• _Assignment_: Nothing but the lines from the one with "We're going to take" through the final line of the entries should appear in the answer, copied exactly and without pictures.

• _Supplied records_:
<<<<

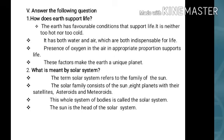Second question: what is meant by solar system? The term solar system refers to the family of the Sun. The solar family consists of the Sun, eight planets, the satellites, asteroids and meteoroids. This whole system of bodies is called the solar system. The Sun is the head of the solar system.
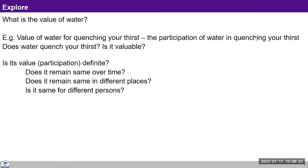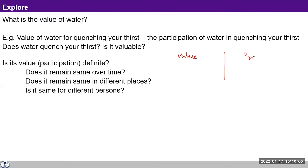Professor Nachiketa observed that value and price are two different things. The same water when abundantly available has no price, but in the desert the same water will fetch a larger price. Value and price are indeed two different things — value does not change with time or place, but price may change.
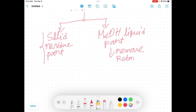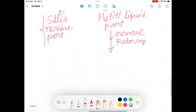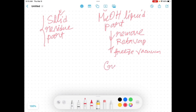Remove the methanol from the liquid part using a rotovap, then use the freeze vacuum technique again to completely dry the extract. You will get another crude extract — call this Crude B.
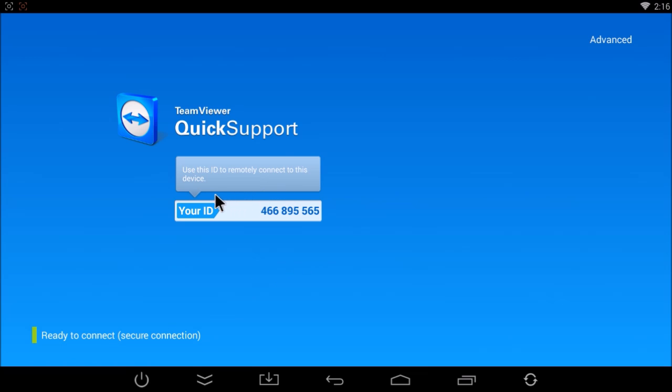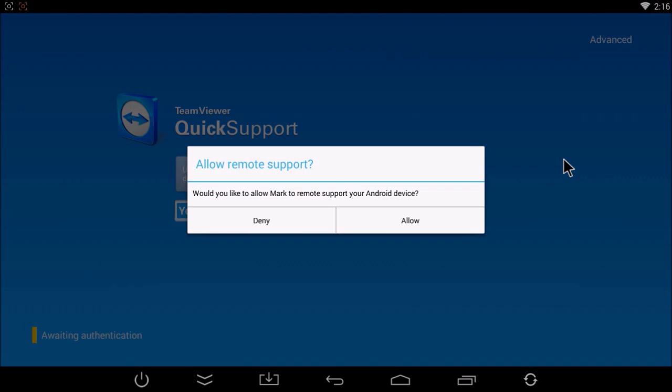Okay, so now the person connecting to your box needs these nine numbers. Once they have that and you are on this screen, you have to leave it on this screen. They will try to connect and then you will get this pop-up.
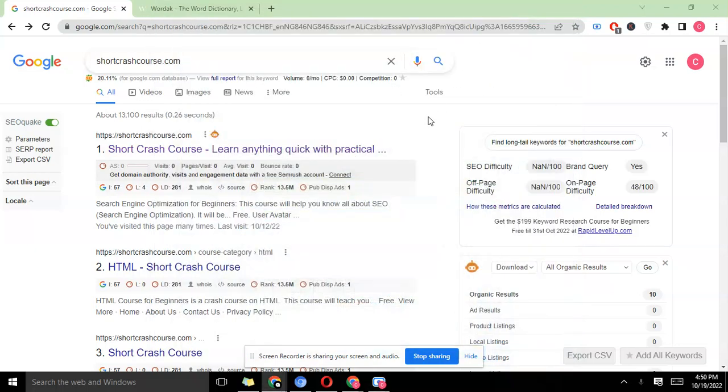Hello guys, this is Ray once again from shortcrashcourse.com. In today's video I'm going to show you how to index your pages fast on the Google search engine. Now it's one thing to write great content and optimize it, and it's another thing for the search engine to have your article indexed in their database.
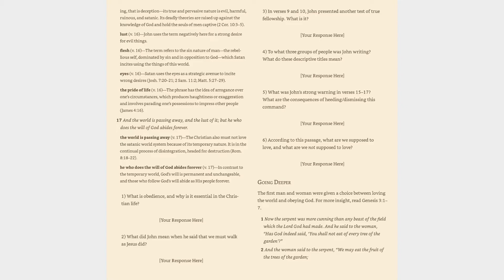Discussion questions: What is obedience, and why is it essential in the Christian life? What did John mean when he said that we must walk as Jesus did? In verses 9 and 10, John presented another test of true fellowship - what is it? To what three groups of people was John writing? What do these descriptive titles mean? What was John's strong warning in verses 15-17? What are the consequences of heeding or dismissing this command? According to this passage, what are we supposed to love, and what are we not supposed to love?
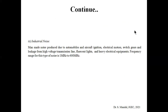Industrial noise is another kind of external noise. These are man-made noises produced due to movement of automobiles, aircraft ignition, electrical motors, switching gears, leakage from high-voltage transmission lines, fluorescent lights, and heavy electrical equipment. The frequency range of industrial noise is typically 1 MHz to 600 MHz. External noise in general cannot be controlled, and to minimize it, the system should be placed in a safer location.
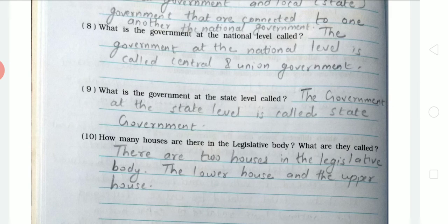Question 10: How many houses are there in the legislative body and what are they called? There are two houses in the legislative assembly — one is the lower house and one is the upper house. So the answer is: there are two houses in the legislative body — the lower house and the upper house.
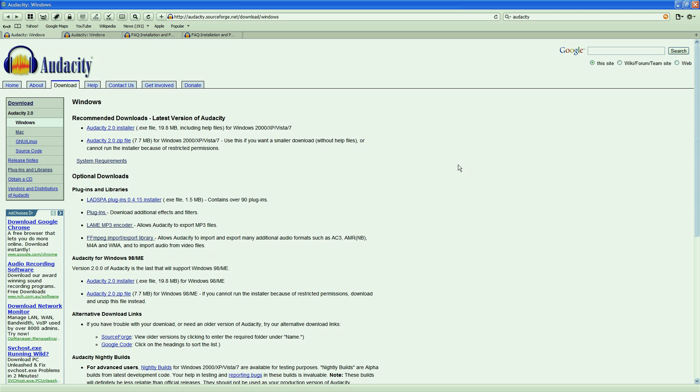There are installers for Windows, Linux, and Macs. In this video I'm going to cover the Windows installation. The installation page has the basic installer and a number of plugins and libraries that you should really look at installing.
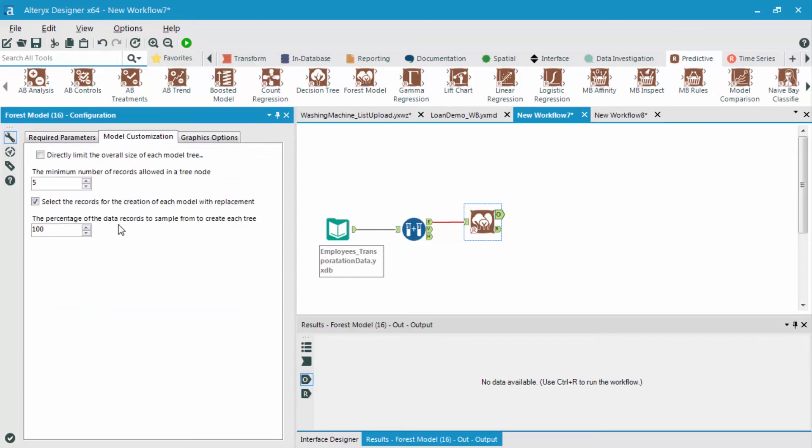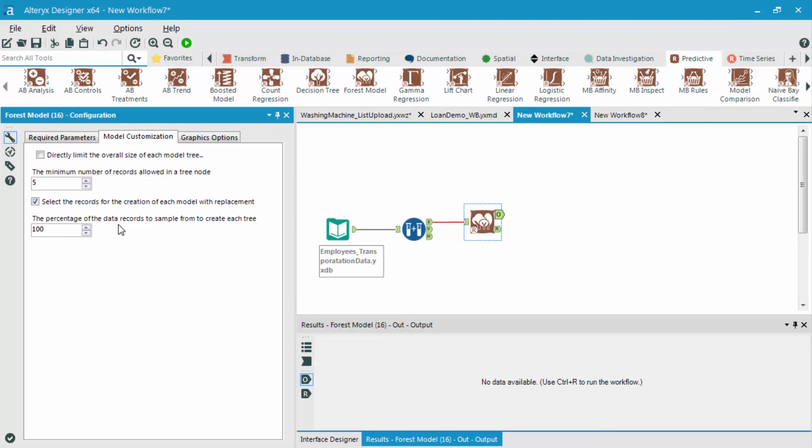What is the minimum number of records allowed in a tree node? So just like before, the smaller number, the more splits that are going to occur. Now, the last two configuration options revolve around a concept called bootstrapping, which you can read more about in the reading notes. This is a more advanced technique, and for the purpose of this course, we're going to keep these values and options at the default places.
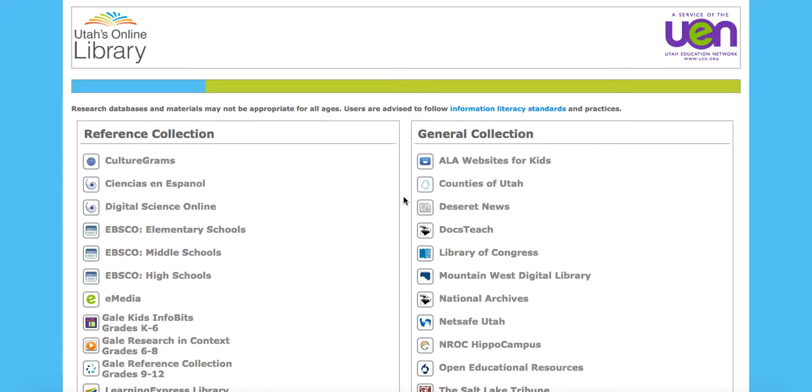We're going to take a look at some of the different databases in Utah's online library, specifically those that are EBSCO affiliated. You'll notice that the new layout in Utah's online library has three different sections for EBSCO: elementary, middle, and high schools.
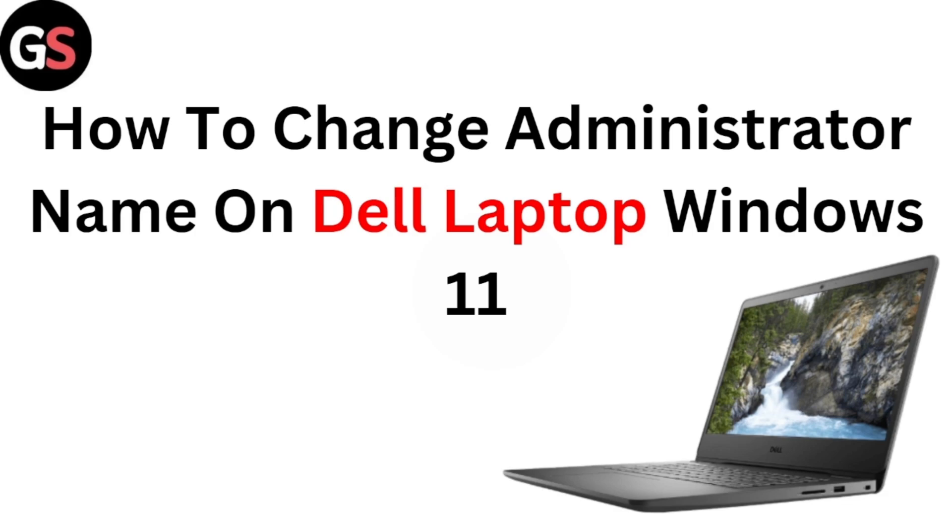Hi everyone, welcome to our channel. Today in this video we are going to see how to change administrator name on the laptop Windows 11.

>>>>

• _Answer below_:
We're going to take a look at some of the different databases in Utah's online library, specifically those that are EBSCO affiliated. You'll notice that the new layout in Utah's online library has three different sections for EBSCO: elementary, middle, and high schools.
Hi everyone, welcome to our channel. Today in this video we are going to see how to change administrator name on the laptop Windows 11.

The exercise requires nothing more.